Not only what the above have stated, but Password is declared as type int as well. Either this forces you to convert all char to ints, or to only enter integers are your password. Since you have included code to check to see if at least one of char is a digit, I'm assuming you at least used the wrong type for Password and instead wanted to use char.
Also, it helps alot to used the code tags. That's alot of brackets in there that are near unreadable. :)
Now if Password should include alphabetic chars, then Password should either be type char which is a char array, or a string object (which you'll need to #include <string> to use).
With either there's a function that will return the length of Password as such:
length = strlen(Password);
This code assumes 2 things. 1) That you already declared length as type int (since that's what strlen returns) and 2) that Password is declared as a type char (or char array). Then you can use the
if (Length < 6)
If you are using a string for Password you would do this:
// cin and stuff here
Length = Password.length();
.length is a member function of the string object and returns the number of chars the string contains.

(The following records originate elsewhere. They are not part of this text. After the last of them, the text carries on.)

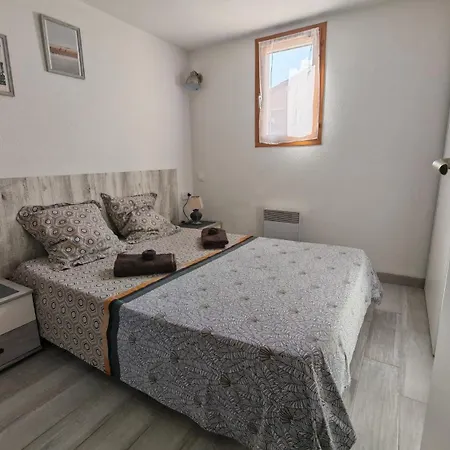 Le Mazet Sooksabai, Confort, Charme Et Decouverte En Petite Camargue Saint-Laurent-dʼAigouze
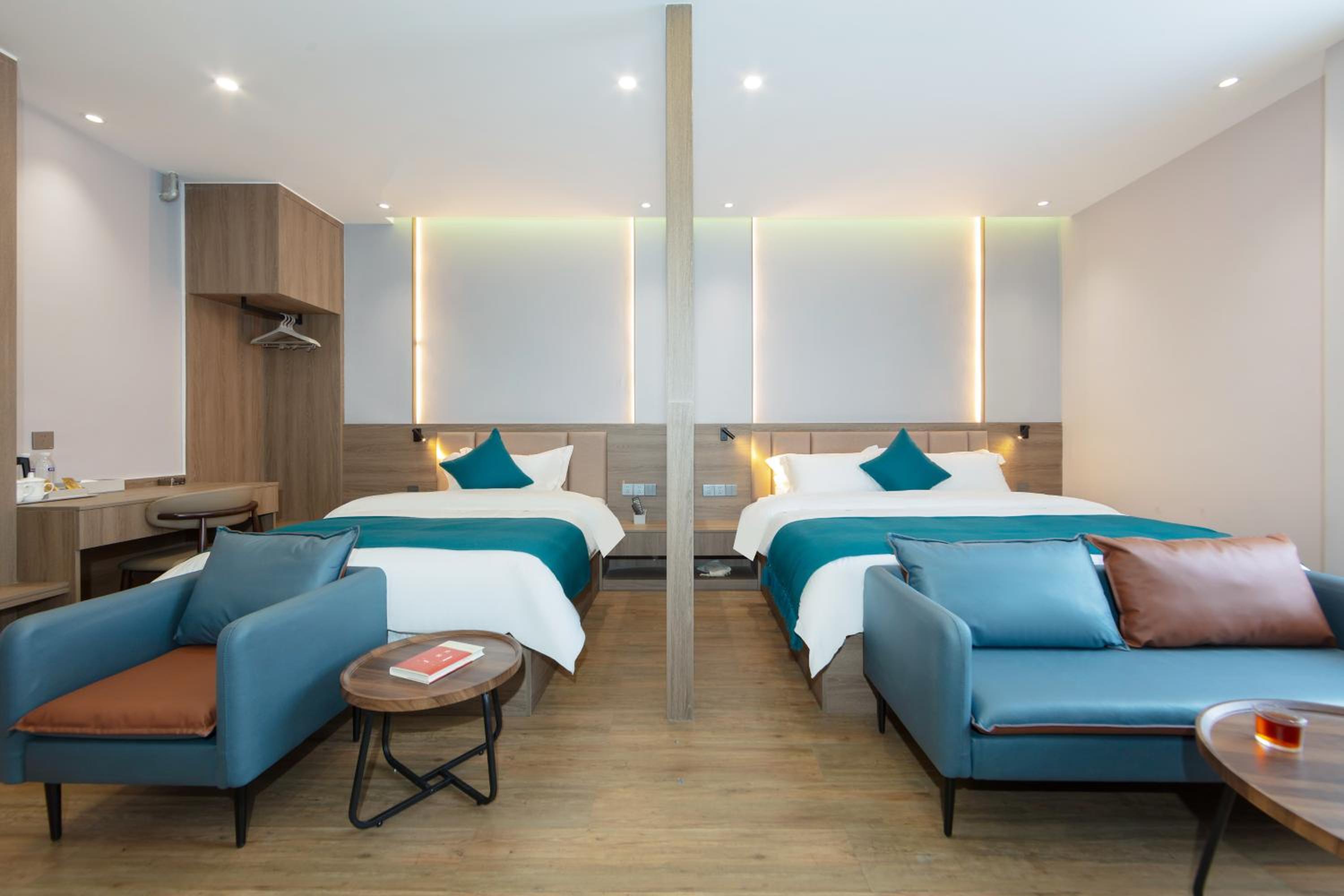 Family Twin Room photo 1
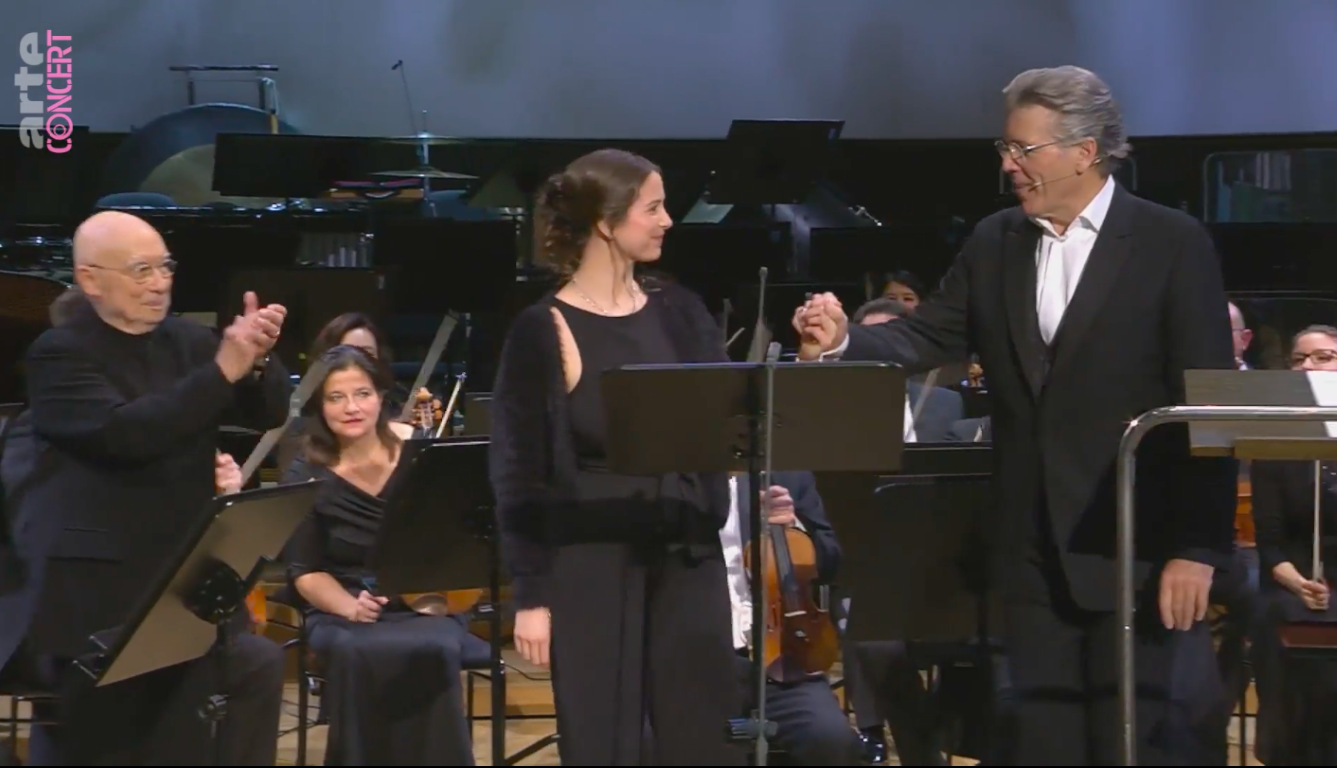 Mit Dennis Russell Davies, Thomas Hampson, MDR-Sinfonieorchester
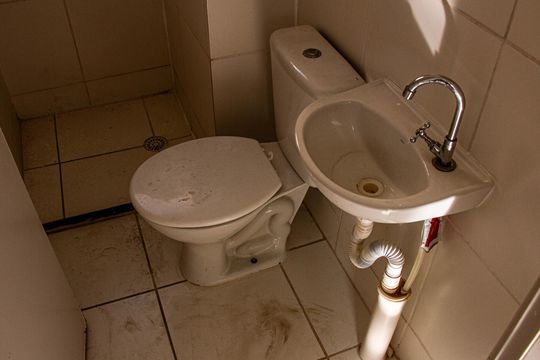 Banheiro social de apartamento para alugar com 2 quartos, 50m² em Guaratiba, Rio de Janeiro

Last, like the others have said, not exactly sure what you are trying to do with the if(Password(Index) lines, or why you'd want to set validPassword to true if the character at (index) falls between 0 and 9. In fact, now that I think of it, even if you used a number only password you'd STILL have to use a char array or string because there's no way to iterate through the different digits of an integer (or any other numeric type) that I'm aware of. So either way, Password is going to have to be a char array or a string.